> **Assignment**: Every line from the one containing "Samuel Harvey Elrod" to the end of the records below must be copied exactly, and no pictures may be included.

** Opening Dataset excerpts block **

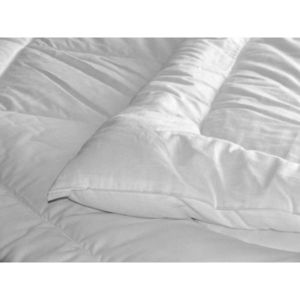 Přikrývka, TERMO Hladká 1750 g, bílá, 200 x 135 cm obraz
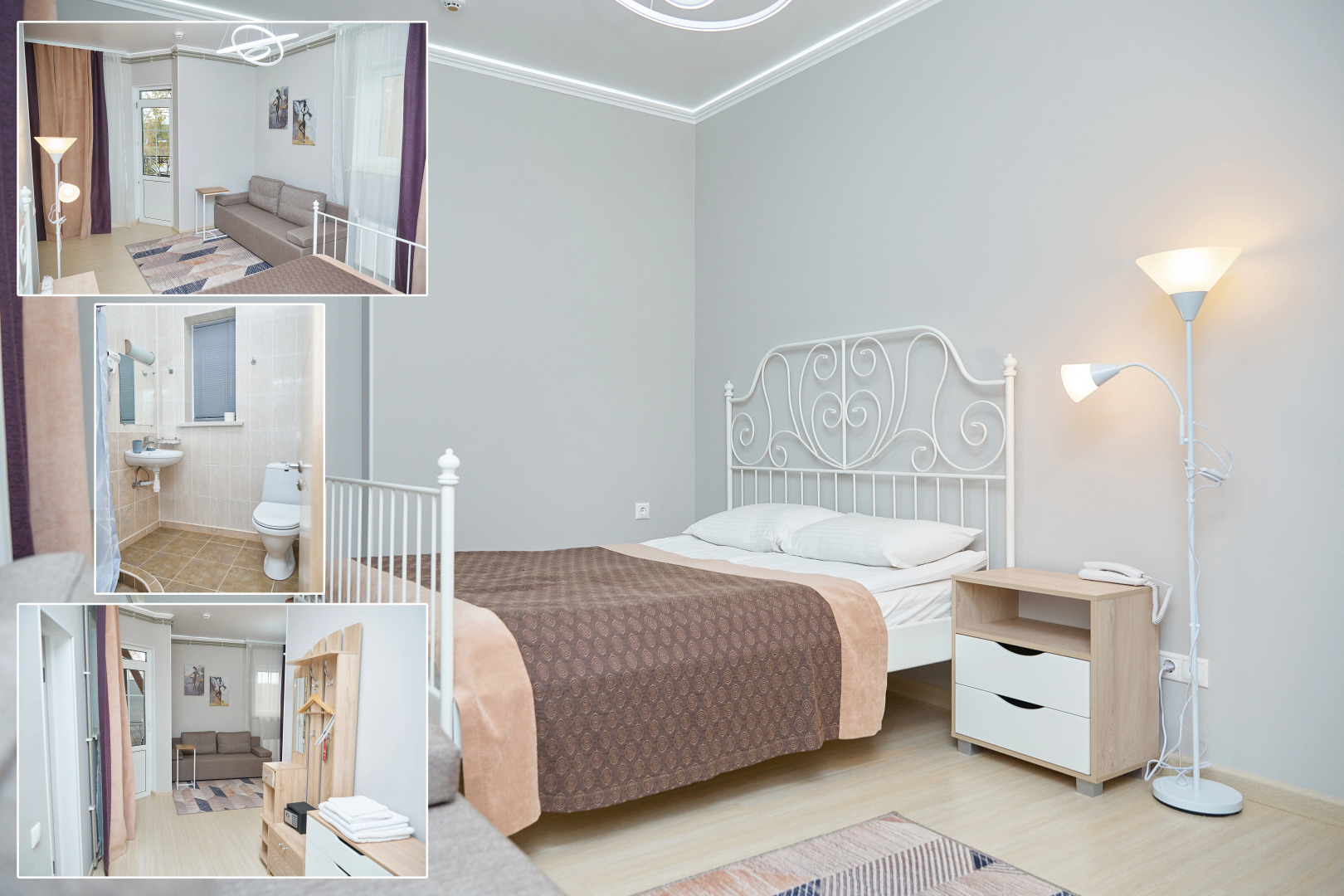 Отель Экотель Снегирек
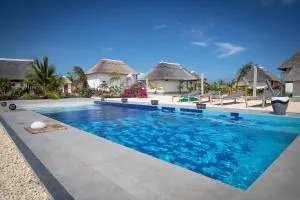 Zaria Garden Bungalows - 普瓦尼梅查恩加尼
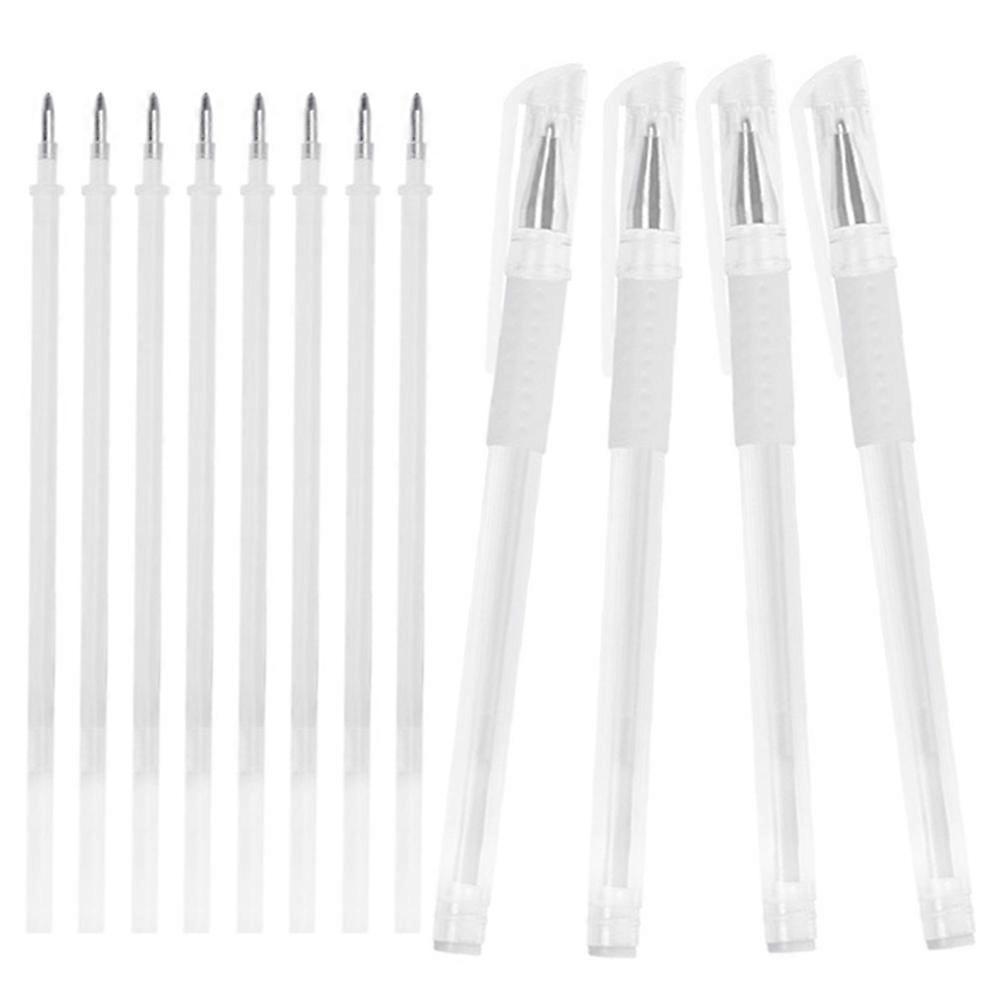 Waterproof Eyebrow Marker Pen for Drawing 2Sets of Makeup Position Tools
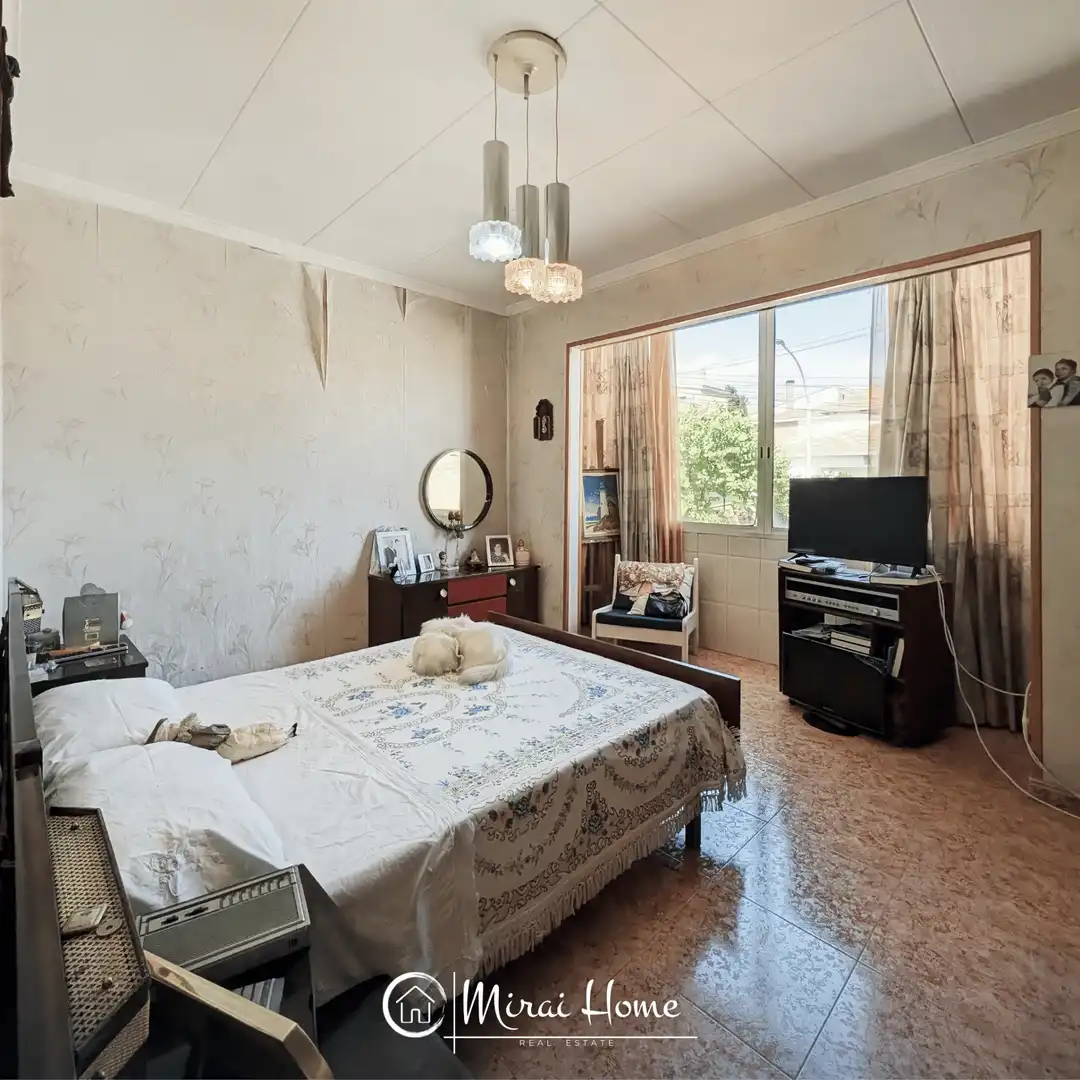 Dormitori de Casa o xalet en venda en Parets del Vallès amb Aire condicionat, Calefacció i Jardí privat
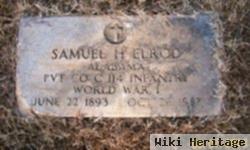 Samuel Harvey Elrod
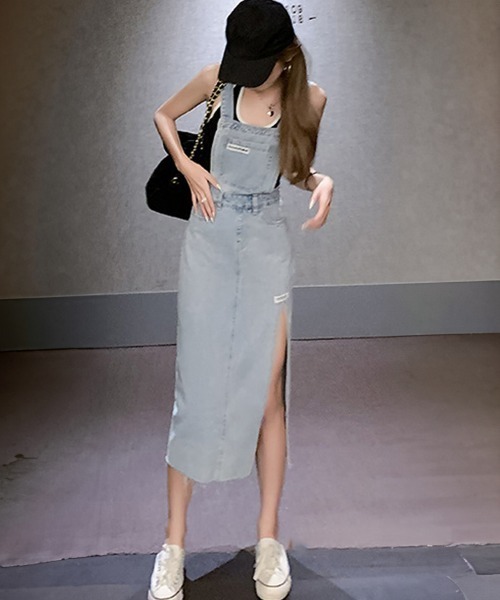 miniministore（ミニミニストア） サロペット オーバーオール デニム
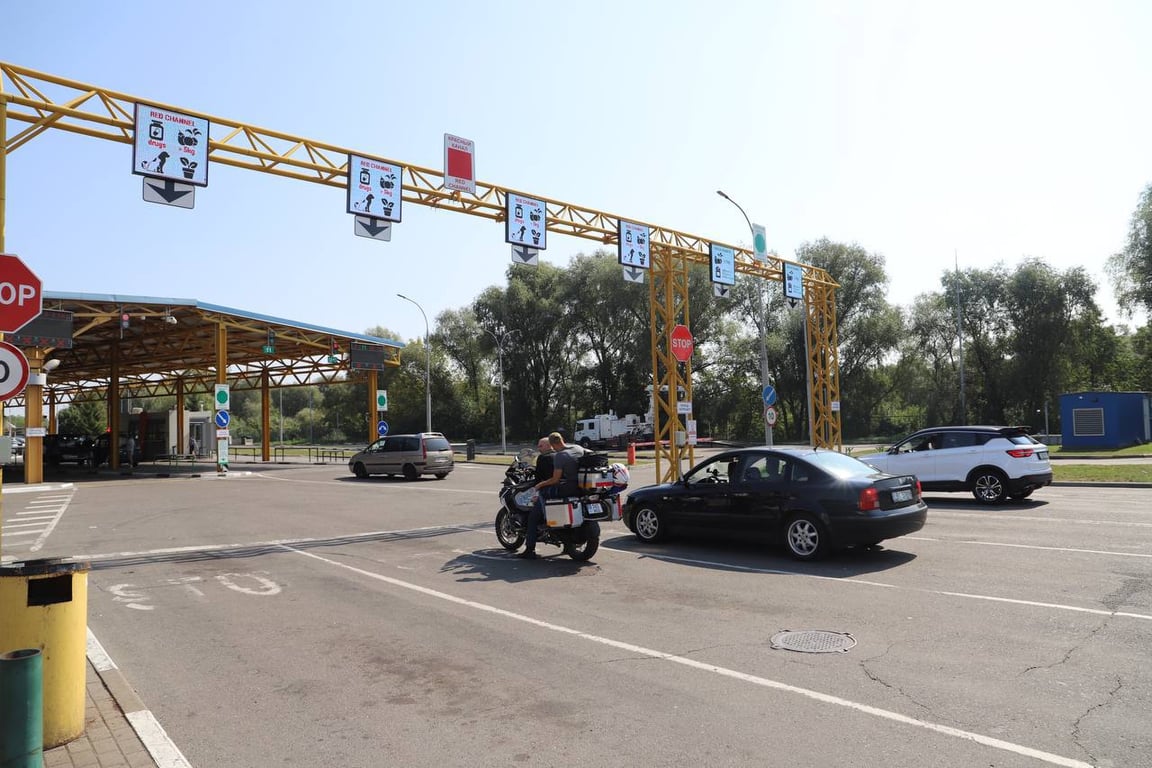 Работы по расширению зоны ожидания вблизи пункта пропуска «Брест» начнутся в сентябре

** Closing Dataset excerpts block **

> **Written solution**:
 Samuel Harvey Elrod
 miniministore（ミニミニストア） サロペット オーバーオール デニム
 Работы по расширению зоны ожидания вблизи пункта пропуска «Брест» начнутся в сентябре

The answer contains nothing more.